Start of Source material

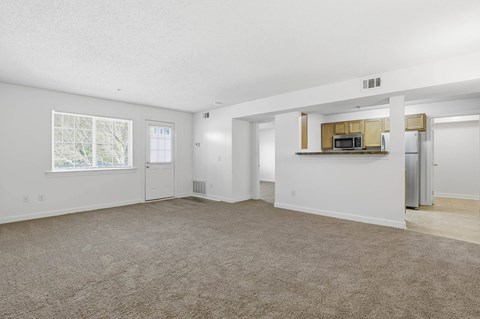 A spacious living room with a carpeted floor and a kitchenette in the background.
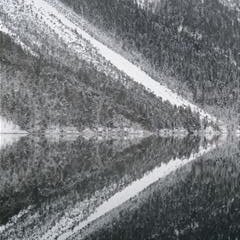 Erkannt? Hier spiegelt sich der Berg mit Bäumen und Schnee in der glatten Wasserfläche. Plansee Nov 2017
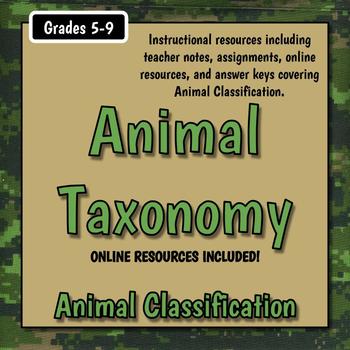 Preview of Animal Taxonomy Teacher Notes and Assignment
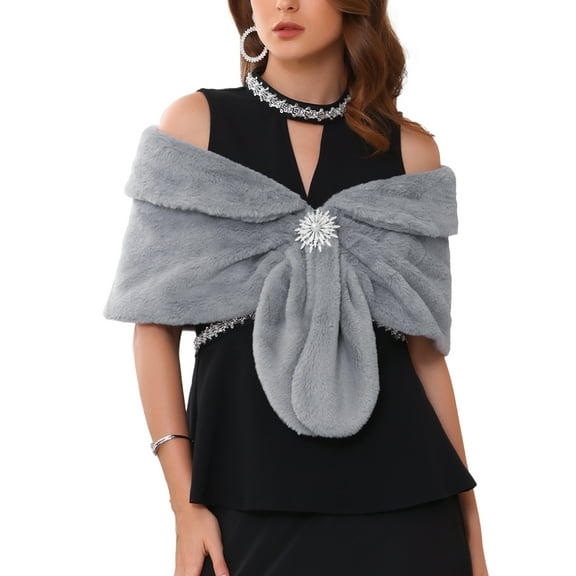 INSPIRE CHIC Women's Faux Fur Shawl Wrap Cape for Bridal Wedding Party Bridal Shrug with Faux Pearl Rhinestone Brooches S Grey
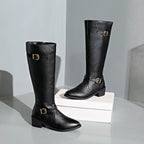 Women's Knee High Riding Boots – Buckle Detail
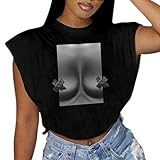 sedmoda Women Sexy Crop Top Graphic Tees Sleeveless Hollow Sides Tie Up Loose Fit Summer T Shirts Black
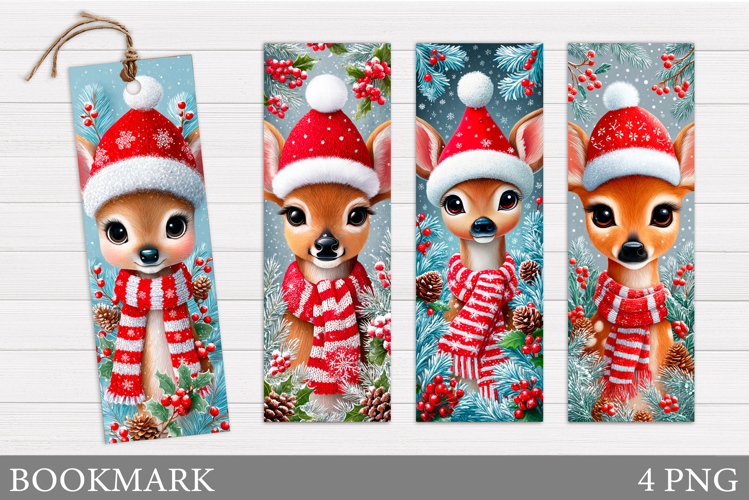 Christmas Deer Bookmark. Christmas Bookmark Sublimation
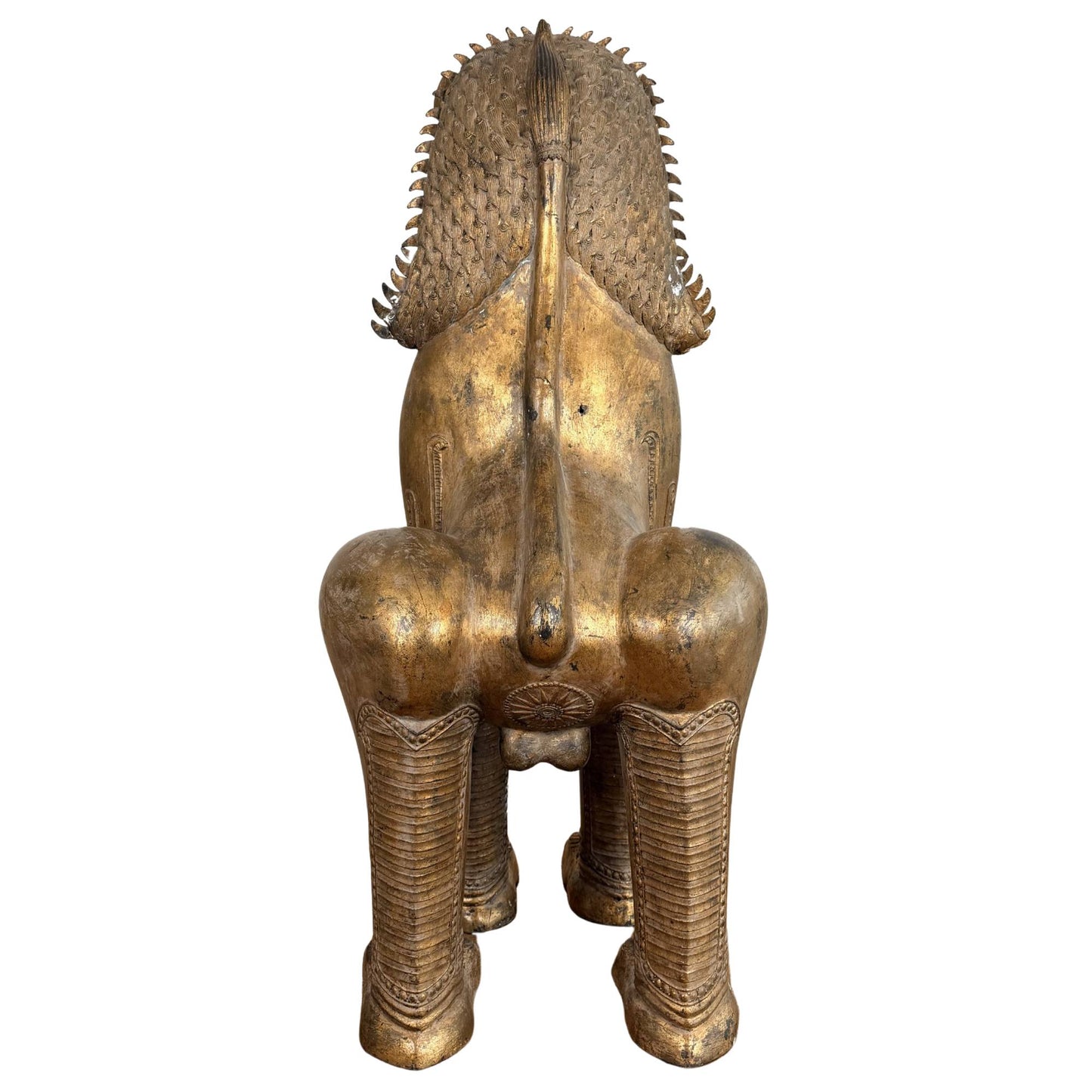 Siamese temple guardian with old gilding, monumental Singha lion with powerful ritual significance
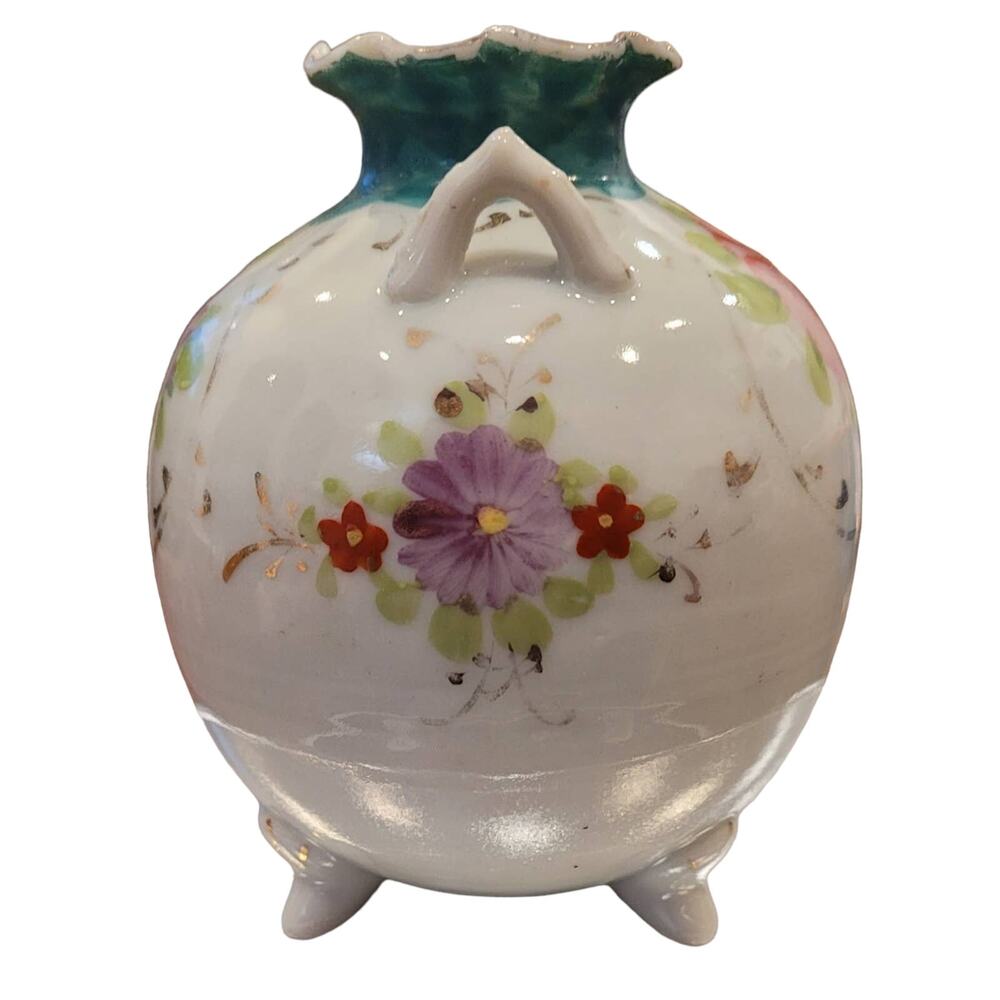 Vintage Unmarked Nippon Japan Hand Painted Purple Daisy Floral Footed Bud Vase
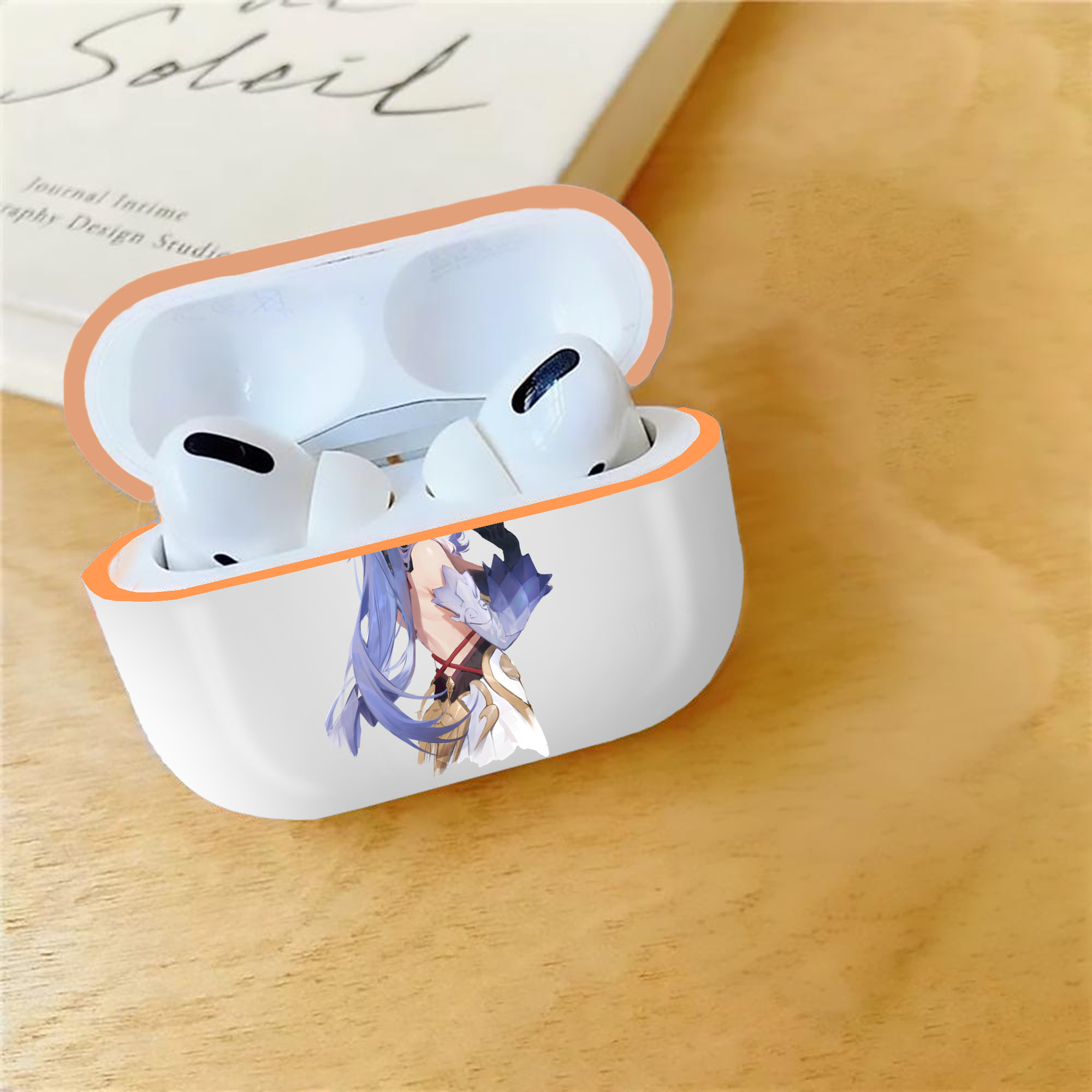 げんし神 甘雨 かんう genshin Ganyu 【AirPods Pro用】ハードシェル保護ケース｜耐衝撃・防指紋・カラビナ付き商品仕様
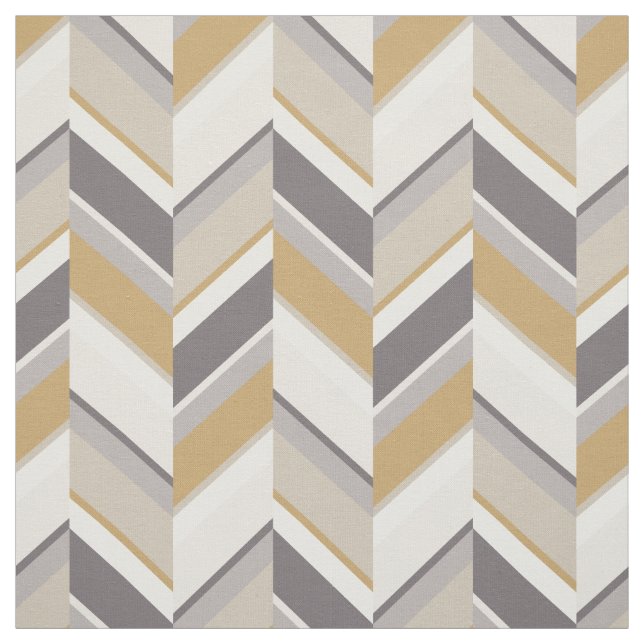 Chic neutral grey gold geometric zigzag pattern fabric (Swatch)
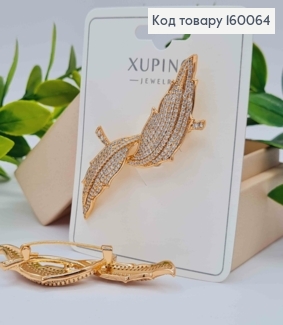 Брошка "Листя" прикрашена Блискучими камінцями, 6,2см, Xuping 18к 160064 фото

End of Source material

> _What to work on_:
Every record above must reappear exactly in the answer, minus its pictures.

> _Response_:
 A spacious living room with a carpeted floor and a kitchenette in the background.
 Erkannt? Hier spiegelt sich der Berg mit Bäumen und Schnee in der glatten Wasserfläche. Plansee Nov 2017
 Preview of Animal Taxonomy Teacher Notes and Assignment
 INSPIRE CHIC Women's Faux Fur Shawl Wrap Cape for Bridal Wedding Party Bridal Shrug with Faux Pearl Rhinestone Brooches S Grey
 Women's Knee High Riding Boots – Buckle Detail
 sedmoda Women Sexy Crop Top Graphic Tees Sleeveless Hollow Sides Tie Up Loose Fit Summer T Shirts Black
 Christmas Deer Bookmark. Christmas Bookmark Sublimation
 Siamese temple guardian with old gilding, monumental Singha lion with powerful ritual significance
 Vintage Unmarked Nippon Japan Hand Painted Purple Daisy Floral Footed Bud Vase
 げんし神 甘雨 かんう genshin Ganyu 【AirPods Pro用】ハードシェル保護ケース｜耐衝撃・防指紋・カラビナ付き商品仕様
 Chic neutral grey gold geometric zigzag pattern fabric (Swatch)
 Брошка "Листя" прикрашена Блискучими камінцями, 6,2см, Xuping 18к 160064 фото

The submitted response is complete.